Start of Block

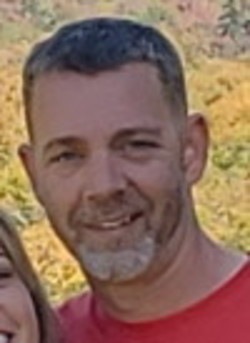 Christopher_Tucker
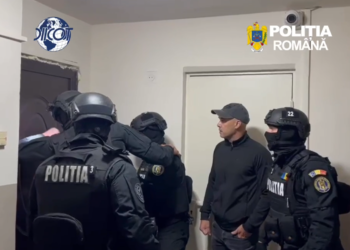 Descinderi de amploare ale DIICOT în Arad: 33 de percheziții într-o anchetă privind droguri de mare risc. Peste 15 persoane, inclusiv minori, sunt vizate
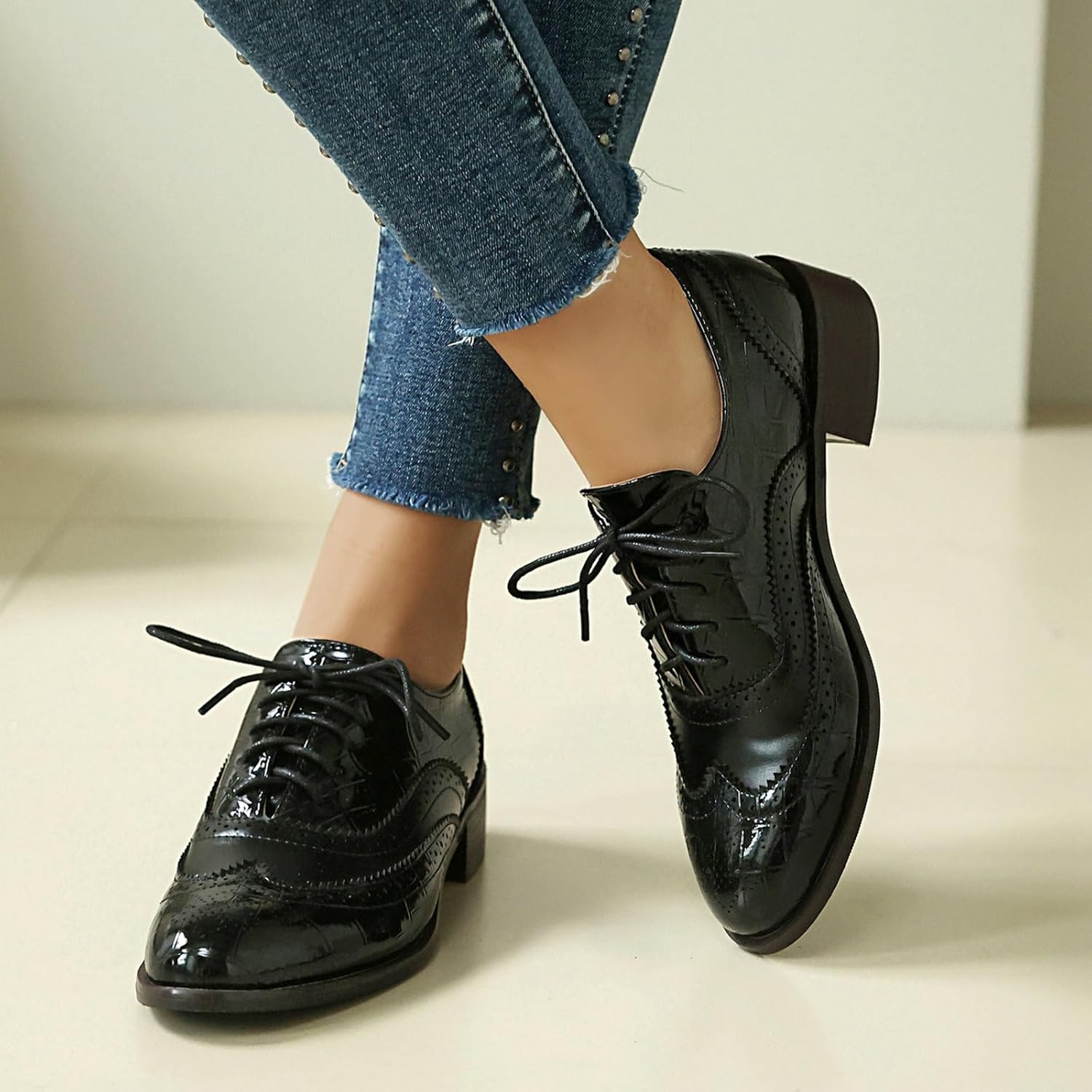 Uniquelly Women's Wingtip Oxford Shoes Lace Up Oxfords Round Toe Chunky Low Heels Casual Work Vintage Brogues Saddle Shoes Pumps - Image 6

End of Block
Start of Block

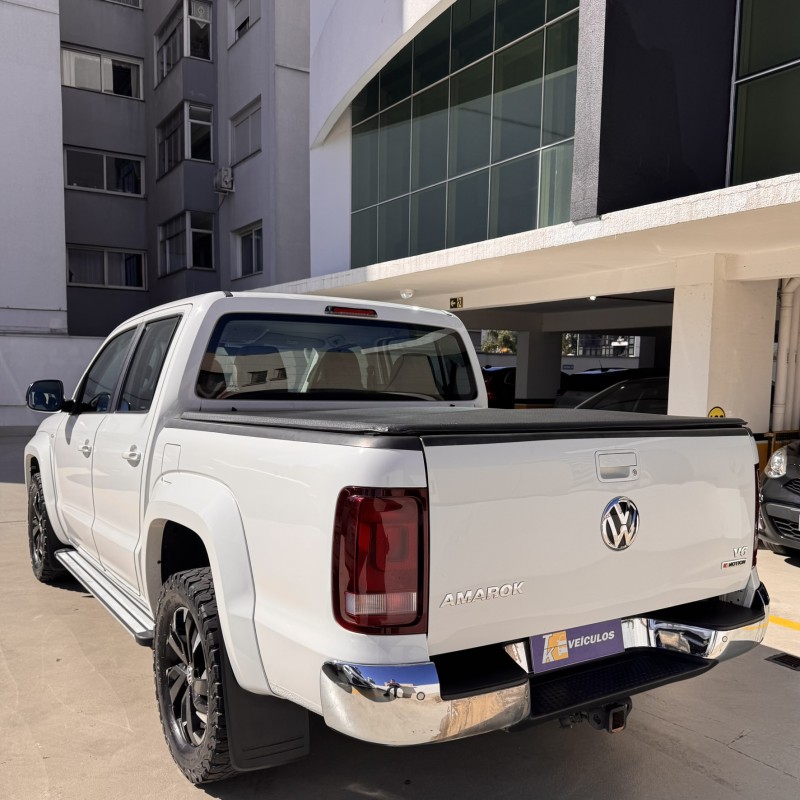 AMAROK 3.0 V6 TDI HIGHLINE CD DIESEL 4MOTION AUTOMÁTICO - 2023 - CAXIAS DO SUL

End of Block

WHAT IS BEING ASKED →
Above are some entries. Restate word for word the lines from the one holding "Descinderi de amploare" through the one holding "Uniquelly Women's Wingtip", but not the pictures.

OUTPUT OF THE EXERCISE →
 Descinderi de amploare ale DIICOT în Arad: 33 de percheziții într-o anchetă privind droguri de mare risc. Peste 15 persoane, inclusiv minori, sunt vizate
 Uniquelly Women's Wingtip Oxford Shoes Lace Up Oxfords Round Toe Chunky Low Heels Casual Work Vintage Brogues Saddle Shoes Pumps - Image 6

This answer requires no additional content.